Your 20s are an exciting time. With numerous life changes in the transition to adulthood – from graduating college and entering the workforce to moving into a home of your own – this newfound freedom can be thrilling. However, this decade of life can also be very challenging from a financial perspective with sometimes overwhelming financial responsibilities piling on, including student loans, bills, rent, insurance, and more, often all at once.
But despite the adulting that comes with this independence, 20-somethings have an enormous opportunity to lay down a firm foundation from which to build their financial life. An easy way to kick start this is to work toward achieving a few key money milestones. As you complete one, move onto the next and before you know it, grown-up finances aren’t far out of reach. Some of those major milestones every 20-something should strive to reach include:
- Prepare for Emergencies – Do you have enough money saved to cover urgent expenses, such as car repairs, medical emergencies, job loss, and home repairs? If not, set up a savings account that will serve as your emergency fund and work to put away six months of expenses in it. This safety net will lessen the financial impact of any unexpected emergencies down the line. It’s important to note that this money should be saved for true emergencies, like medical expenses, job loss, and other similar situations. A last-minute vacation doesn’t count.
- Start Saving for Retirement – Retirement may seem a long way off, but it is important to start saving as early as possible to ensure you have enough set aside for when you retire. If your employer has a 401(k) or another retirement plan, start contributing a percentage of your salary to it now. Many companies match a percentage of your contributions, so it is a good idea to contribute at least enough to get the full match. For example, if your employer matches 3 percent of contributions, you should contribute 3 percent at a minimum. As your salary rises, you can increase your contribution to further build your retirement savings. Remember: the more you invest earlier on, the longer it will have to grow. There are numerous other retirement savings vehicles you can choose from, including Roth IRAs, traditional IRAs, and more. A financial planner can explain the advantages of each type, and which could work best for you.
- Make a Plan to Pay off Debt – Many young people enter the workforce with student loans and credit card debt. Make a plan to pay that debt off as quickly as possible – and stick to it. Ignoring debt can negatively impact your credit score and overall financial health, making it difficult to buy a car, get a mortgage, rent an apartment, and even get a job. If you need guidance, a financial planner can help you assess your financial situation and make recommendations to tackle your debt.

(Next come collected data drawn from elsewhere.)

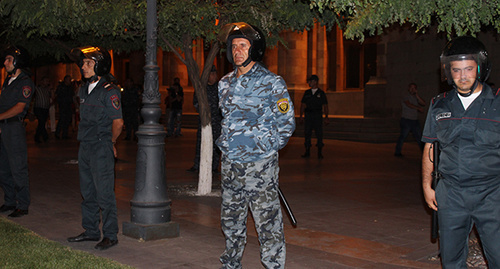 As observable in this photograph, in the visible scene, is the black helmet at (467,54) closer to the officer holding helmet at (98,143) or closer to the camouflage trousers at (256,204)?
the camouflage trousers at (256,204)

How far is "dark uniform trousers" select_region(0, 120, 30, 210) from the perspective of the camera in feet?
25.3

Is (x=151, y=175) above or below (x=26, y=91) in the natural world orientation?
below

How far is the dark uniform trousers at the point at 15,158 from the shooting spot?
7.72m

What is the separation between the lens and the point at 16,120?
775cm

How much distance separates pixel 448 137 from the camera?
406cm

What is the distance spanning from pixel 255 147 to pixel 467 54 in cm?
167

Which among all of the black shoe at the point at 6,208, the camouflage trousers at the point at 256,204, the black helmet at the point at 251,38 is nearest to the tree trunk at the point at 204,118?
the black shoe at the point at 6,208

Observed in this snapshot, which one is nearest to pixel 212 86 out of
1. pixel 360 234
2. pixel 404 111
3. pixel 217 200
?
Result: pixel 217 200

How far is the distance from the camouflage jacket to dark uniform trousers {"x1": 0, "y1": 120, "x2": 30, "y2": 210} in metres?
4.05

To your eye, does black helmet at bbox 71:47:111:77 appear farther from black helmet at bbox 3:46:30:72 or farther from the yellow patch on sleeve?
the yellow patch on sleeve

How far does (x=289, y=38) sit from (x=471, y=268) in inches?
926

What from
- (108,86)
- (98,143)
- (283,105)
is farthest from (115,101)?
(283,105)

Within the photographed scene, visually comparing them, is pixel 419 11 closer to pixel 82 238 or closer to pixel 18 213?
pixel 82 238

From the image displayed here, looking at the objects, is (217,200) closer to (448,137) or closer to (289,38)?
(448,137) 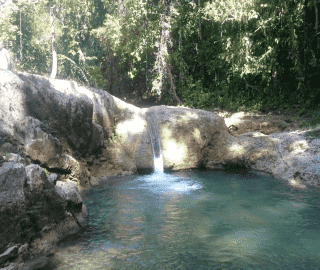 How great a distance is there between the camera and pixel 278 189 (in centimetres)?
785

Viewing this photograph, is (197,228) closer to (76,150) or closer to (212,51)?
(76,150)

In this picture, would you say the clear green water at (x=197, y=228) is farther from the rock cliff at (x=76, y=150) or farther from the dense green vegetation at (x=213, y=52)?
the dense green vegetation at (x=213, y=52)

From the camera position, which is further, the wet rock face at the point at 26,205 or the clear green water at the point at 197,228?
the clear green water at the point at 197,228

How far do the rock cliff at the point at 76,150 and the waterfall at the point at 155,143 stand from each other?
15 cm

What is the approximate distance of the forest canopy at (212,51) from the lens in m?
12.4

- Get Insured – Many people think they don’t need insurance when they are young and healthy. In fact, your 20s are a great time to establish a life insurance policy. Your premiums will be lower because of your good health, and you’ll be able to start building a solid nest egg to ensure your family’s financial security and to draw from later (depending on the policy you choose). You can read more about life insurance here, or contact our team for guidance with life insurance. It is also important to have health insurance – if your employer doesn’t offer benefits, look into securing healthcare coverage on your own.
- Build Good Credit – Start your financial life on the right foot by building good credit. Pay all of your bills on time, and if you use a credit card, monitor your spending and be sure to pay off your balance in full each month to avoid extra interest payments. These habits improve your credit score, which allows you secure better interest rates on mortgages, auto loans, and more.
- Establish Financial Independence – When you were younger, you likely received financial assistance from your parents or other loved ones. Work to become financially independent from them once you have a job. Move into your own place and start transitioning insurance payments, cell phone bills, and other expenses into your name. This may take time, and that’s ok.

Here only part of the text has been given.